**ENTRIES PROVIDED:**
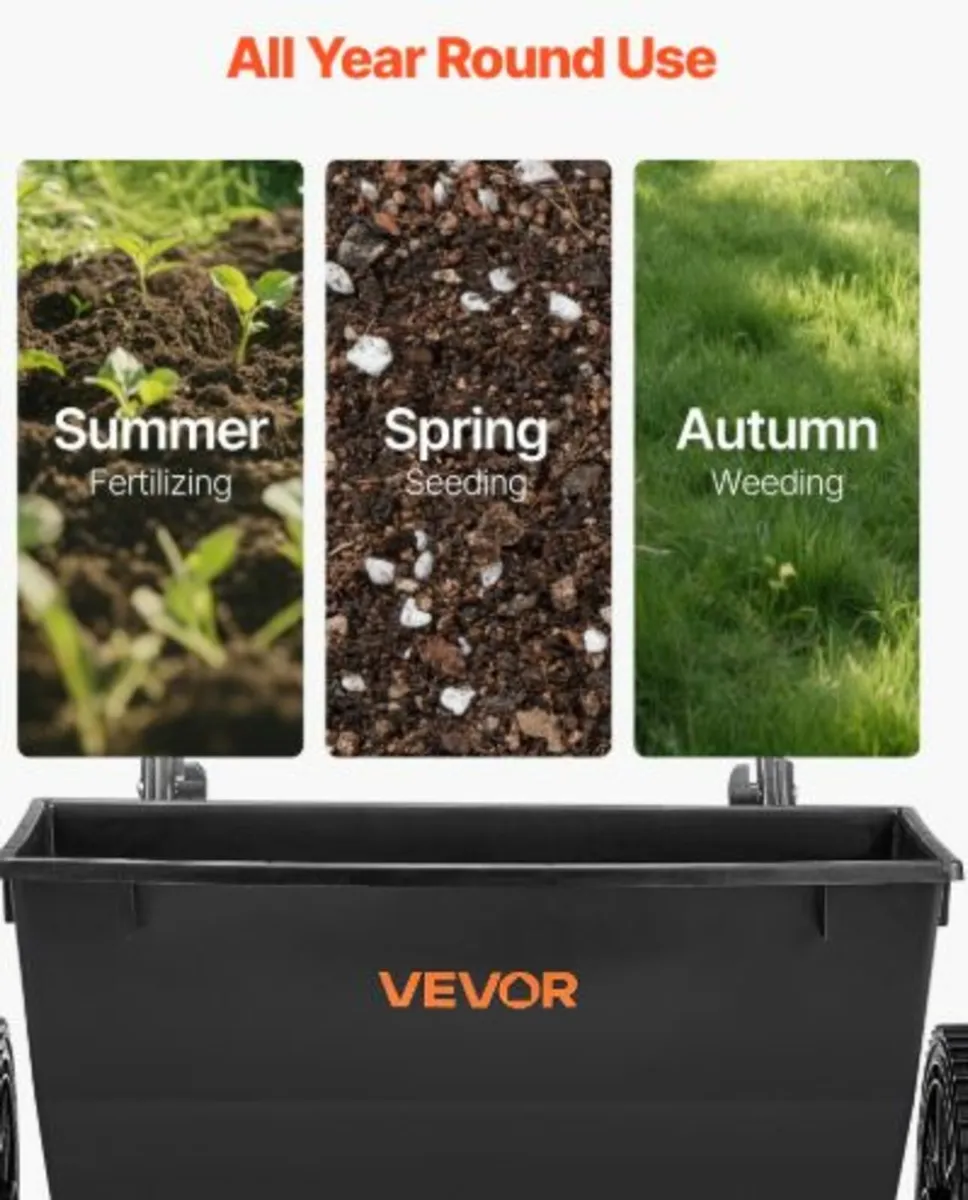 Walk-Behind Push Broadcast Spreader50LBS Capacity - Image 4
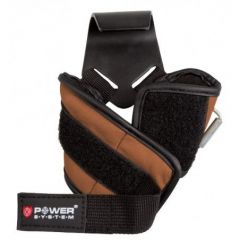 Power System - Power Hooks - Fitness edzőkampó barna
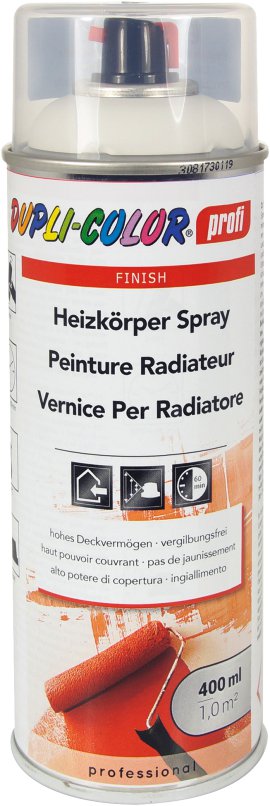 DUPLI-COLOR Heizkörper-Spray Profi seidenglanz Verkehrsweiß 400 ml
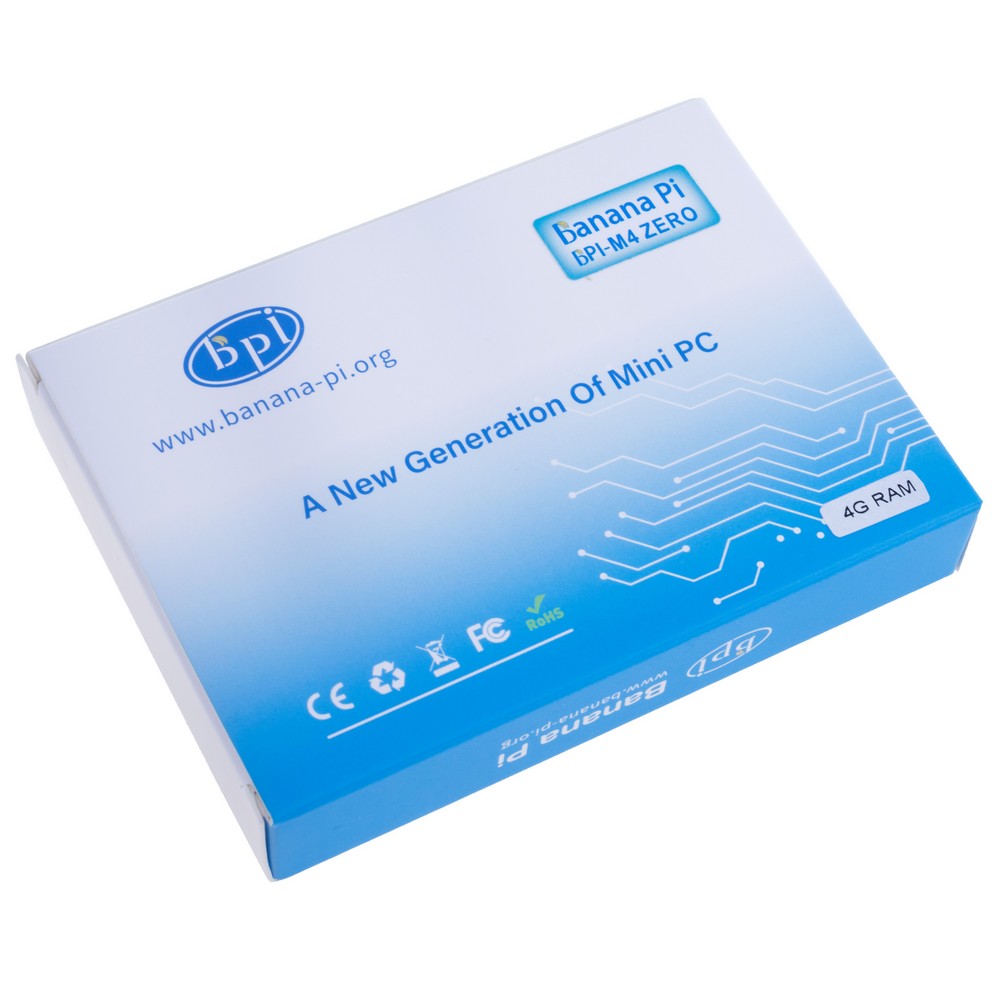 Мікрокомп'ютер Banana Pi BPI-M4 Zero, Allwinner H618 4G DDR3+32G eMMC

--

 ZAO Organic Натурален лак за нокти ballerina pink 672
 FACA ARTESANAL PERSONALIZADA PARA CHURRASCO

**ABOUT THIS EXERCISE:** For the data above, set down exactly the lines from the line with "DUPLI-COLOR Heizkörper-Spray Profi" to the line with "Мікрокомп'ютер Banana Pi", both included, leaving pictures out.

**REPLY TO THE EXERCISE:**
 DUPLI-COLOR Heizkörper-Spray Profi seidenglanz Verkehrsweiß 400 ml
 Мікрокомп'ютер Banana Pi BPI-M4 Zero, Allwinner H618 4G DDR3+32G eMMC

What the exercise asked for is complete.